**Task to complete:**
Copy out all lines from the entries below in which "across" occurs.

[Stored entries]
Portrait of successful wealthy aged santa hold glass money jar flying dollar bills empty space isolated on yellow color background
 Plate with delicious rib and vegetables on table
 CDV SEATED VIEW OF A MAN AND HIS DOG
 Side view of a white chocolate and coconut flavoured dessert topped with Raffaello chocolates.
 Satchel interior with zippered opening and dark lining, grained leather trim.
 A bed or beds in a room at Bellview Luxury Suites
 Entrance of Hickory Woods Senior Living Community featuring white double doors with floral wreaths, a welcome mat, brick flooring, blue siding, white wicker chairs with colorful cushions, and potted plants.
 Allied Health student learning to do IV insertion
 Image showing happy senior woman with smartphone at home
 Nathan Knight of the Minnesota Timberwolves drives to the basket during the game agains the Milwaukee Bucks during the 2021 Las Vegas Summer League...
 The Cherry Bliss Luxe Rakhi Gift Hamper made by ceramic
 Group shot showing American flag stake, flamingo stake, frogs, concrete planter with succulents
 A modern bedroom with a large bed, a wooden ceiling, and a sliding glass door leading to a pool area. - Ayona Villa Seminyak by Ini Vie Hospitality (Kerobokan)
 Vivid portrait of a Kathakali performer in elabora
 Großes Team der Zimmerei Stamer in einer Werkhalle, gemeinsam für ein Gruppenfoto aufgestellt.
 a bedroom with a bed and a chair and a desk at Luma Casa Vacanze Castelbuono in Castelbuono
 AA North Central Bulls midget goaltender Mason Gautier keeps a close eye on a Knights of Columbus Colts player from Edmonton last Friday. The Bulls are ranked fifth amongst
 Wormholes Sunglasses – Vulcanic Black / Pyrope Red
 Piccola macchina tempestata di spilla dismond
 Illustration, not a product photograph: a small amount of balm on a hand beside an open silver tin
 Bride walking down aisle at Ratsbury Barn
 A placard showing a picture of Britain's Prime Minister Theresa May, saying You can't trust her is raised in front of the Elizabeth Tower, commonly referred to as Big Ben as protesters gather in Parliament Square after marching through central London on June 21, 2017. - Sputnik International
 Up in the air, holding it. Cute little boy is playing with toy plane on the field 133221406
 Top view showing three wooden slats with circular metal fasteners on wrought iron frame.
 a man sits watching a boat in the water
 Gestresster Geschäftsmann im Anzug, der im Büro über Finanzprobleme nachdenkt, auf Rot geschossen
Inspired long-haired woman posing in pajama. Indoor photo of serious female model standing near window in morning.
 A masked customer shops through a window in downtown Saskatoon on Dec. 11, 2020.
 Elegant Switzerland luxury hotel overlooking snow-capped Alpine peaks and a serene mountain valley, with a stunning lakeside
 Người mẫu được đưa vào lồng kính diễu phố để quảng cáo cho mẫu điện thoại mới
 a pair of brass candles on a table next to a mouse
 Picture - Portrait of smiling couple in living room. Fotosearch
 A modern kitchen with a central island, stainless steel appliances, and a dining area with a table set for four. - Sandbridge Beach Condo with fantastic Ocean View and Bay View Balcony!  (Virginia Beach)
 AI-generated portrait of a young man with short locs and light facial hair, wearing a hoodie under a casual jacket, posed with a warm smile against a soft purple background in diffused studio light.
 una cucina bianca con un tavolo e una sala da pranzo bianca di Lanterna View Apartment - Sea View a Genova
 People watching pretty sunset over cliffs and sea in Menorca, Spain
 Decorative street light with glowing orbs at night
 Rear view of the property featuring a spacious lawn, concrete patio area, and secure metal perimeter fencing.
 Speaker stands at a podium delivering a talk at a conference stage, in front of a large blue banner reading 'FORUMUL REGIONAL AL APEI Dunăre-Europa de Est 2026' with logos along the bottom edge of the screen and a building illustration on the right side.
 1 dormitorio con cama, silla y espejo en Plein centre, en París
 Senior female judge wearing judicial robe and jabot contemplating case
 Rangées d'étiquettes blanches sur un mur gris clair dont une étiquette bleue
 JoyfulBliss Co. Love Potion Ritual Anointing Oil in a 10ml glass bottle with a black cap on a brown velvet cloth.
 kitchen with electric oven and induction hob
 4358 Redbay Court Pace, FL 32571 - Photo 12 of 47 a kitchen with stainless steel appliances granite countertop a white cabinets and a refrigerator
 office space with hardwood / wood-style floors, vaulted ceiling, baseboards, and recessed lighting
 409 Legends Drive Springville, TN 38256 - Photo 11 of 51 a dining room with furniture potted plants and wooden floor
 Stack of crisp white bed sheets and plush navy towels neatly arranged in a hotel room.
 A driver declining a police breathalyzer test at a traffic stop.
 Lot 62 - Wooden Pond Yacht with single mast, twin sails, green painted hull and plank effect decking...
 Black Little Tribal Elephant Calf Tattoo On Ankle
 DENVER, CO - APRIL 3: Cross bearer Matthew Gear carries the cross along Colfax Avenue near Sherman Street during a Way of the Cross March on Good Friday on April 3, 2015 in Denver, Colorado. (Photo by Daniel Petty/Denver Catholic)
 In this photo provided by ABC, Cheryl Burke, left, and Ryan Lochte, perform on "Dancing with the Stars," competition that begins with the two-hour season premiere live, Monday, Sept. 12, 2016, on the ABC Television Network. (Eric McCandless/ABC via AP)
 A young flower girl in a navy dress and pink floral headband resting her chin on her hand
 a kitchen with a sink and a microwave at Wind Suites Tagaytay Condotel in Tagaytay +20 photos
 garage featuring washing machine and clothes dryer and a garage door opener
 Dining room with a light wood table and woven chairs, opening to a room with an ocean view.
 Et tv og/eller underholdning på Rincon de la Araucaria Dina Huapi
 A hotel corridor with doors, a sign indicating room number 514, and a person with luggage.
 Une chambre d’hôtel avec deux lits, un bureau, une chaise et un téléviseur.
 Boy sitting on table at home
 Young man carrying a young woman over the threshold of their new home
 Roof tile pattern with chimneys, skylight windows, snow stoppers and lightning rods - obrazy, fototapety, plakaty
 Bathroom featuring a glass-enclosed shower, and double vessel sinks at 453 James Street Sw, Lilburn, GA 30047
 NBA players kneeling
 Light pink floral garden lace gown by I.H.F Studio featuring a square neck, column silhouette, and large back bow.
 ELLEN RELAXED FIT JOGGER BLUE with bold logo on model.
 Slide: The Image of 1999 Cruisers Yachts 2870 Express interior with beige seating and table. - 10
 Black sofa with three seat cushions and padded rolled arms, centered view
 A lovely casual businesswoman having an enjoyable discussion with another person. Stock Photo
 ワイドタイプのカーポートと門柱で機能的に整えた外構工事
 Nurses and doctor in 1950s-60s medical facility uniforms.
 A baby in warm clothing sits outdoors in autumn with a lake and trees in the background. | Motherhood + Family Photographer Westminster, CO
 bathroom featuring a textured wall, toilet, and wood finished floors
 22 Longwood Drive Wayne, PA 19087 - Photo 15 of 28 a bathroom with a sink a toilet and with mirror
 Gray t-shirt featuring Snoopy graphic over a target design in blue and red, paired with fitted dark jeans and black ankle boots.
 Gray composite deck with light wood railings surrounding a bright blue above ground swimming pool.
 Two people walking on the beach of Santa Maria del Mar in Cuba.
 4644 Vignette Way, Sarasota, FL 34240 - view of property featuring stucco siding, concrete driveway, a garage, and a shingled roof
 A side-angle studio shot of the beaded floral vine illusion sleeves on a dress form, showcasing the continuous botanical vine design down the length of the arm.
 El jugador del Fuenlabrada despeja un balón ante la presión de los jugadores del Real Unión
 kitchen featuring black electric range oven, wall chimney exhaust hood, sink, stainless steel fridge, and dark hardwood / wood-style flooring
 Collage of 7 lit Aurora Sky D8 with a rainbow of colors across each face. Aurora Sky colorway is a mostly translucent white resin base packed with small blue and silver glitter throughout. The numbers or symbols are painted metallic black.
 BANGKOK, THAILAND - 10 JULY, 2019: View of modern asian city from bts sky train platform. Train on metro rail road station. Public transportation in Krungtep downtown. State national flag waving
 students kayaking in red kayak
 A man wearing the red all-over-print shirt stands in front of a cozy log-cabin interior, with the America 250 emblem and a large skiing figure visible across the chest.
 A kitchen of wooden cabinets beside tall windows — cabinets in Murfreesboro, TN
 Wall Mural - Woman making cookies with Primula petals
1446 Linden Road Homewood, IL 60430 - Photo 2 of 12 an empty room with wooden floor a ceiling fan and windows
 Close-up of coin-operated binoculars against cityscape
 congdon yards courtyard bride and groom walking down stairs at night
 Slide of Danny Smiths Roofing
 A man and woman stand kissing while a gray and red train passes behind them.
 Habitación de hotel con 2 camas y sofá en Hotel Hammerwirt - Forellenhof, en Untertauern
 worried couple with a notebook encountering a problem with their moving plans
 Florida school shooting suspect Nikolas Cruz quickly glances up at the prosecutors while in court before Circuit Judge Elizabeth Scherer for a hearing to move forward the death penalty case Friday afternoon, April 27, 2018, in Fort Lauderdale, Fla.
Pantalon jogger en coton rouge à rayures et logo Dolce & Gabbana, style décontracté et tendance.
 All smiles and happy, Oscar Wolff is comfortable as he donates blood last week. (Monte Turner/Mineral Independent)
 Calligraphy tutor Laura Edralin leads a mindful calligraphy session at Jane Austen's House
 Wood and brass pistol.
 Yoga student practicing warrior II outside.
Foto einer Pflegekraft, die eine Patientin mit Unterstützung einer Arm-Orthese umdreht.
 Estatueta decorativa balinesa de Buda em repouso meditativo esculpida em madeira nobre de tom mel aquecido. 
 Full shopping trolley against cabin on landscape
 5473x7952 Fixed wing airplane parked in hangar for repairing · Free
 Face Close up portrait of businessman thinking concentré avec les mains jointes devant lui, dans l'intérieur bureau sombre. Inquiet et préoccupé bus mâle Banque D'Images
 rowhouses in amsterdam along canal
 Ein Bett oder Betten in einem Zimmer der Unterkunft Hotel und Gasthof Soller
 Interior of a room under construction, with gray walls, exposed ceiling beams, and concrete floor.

**Expected answer:**
 Collage of 7 lit Aurora Sky D8 with a rainbow of colors across each face. Aurora Sky colorway is a mostly translucent white resin base packed with small blue and silver glitter throughout. The numbers or symbols are painted metallic black.
 A man wearing the red all-over-print shirt stands in front of a cozy log-cabin interior, with the America 250 emblem and a large skiing figure visible across the chest.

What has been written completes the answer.